Wednesday, January 7, 2009

I'm Just Here for the Check

I can only describe my current career related mental state as being the final stage of professional grief: acceptance.

Things at Corporate Happy Fun Job are fun indeed. At present, I can best compare our management to my dating and mating habits prior to the boy:
1. Inability to learn from past mistakes
2. Noteworthy powers of denial
3. Insistence that a difference in appearance must indicate a difference in substance

Also similar? If I could go back in time, I would kick my own ass. And if I were the evil overlord, I would most assuredly be dispensing some ass kickings to the people captaining this particular ship of fools.

I have accepted that for the time being I should at least maintain at least a small amount of humility because I do have a relatively secure job, even if at times said job can best be likened to inserting pine cones into my butt. It is what it is. If I could travel back in time, shortly after I got done kicking my younger self in the head for her dating habits, I'd send her off to learn how to do something fucking useful. Alas, non. C'est la vie.

That being said, I am NOT A FUCKING IDIOT. So when I realized today that various co-workers and I were all more or less working for free in an increasingly vain effort to meet the whimsical flights of fancy--also known as goals--laid out by management, it took me approximately 30 seconds to decide that this shit was going to stop. I do, and will continue to, work my ass off. I do a difficult job and I do it well. However, it is a job. My family, my friends, my knitting, my booze, my books . . . these things are my life.

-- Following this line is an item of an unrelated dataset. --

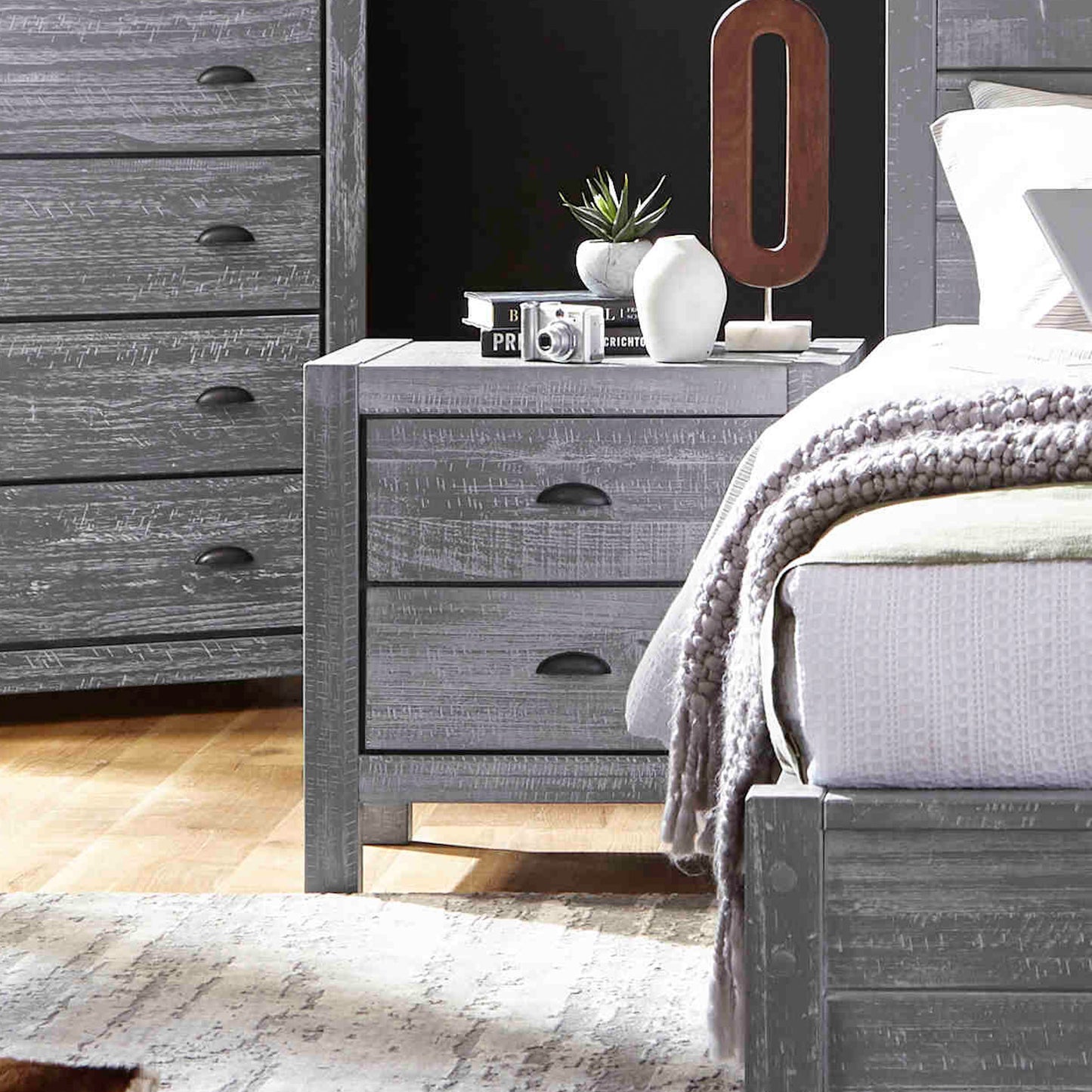 Montauk Two-Drawer Nightstand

My job is a Life Subsidizing Device.

What really blows me away about this entire thing is that so few of my co-workers were even really that pissed off about it. What the fuck, over? I get being afraid for one's job, but really? There is always a bum outside the blood bank looking for a handjob.

Whatever, I went and had a chat with the HR person that basically said we were being indirectly pressured to work for free. I believe she broke into a mild sweat and her butt cheeks took a bite out of her ergonomically correct office chair. That in itself was pretty much worth the conversation.

Seriously, fellow Pink Collar Wage Slaves. Repeat after me. "I am not your bitch."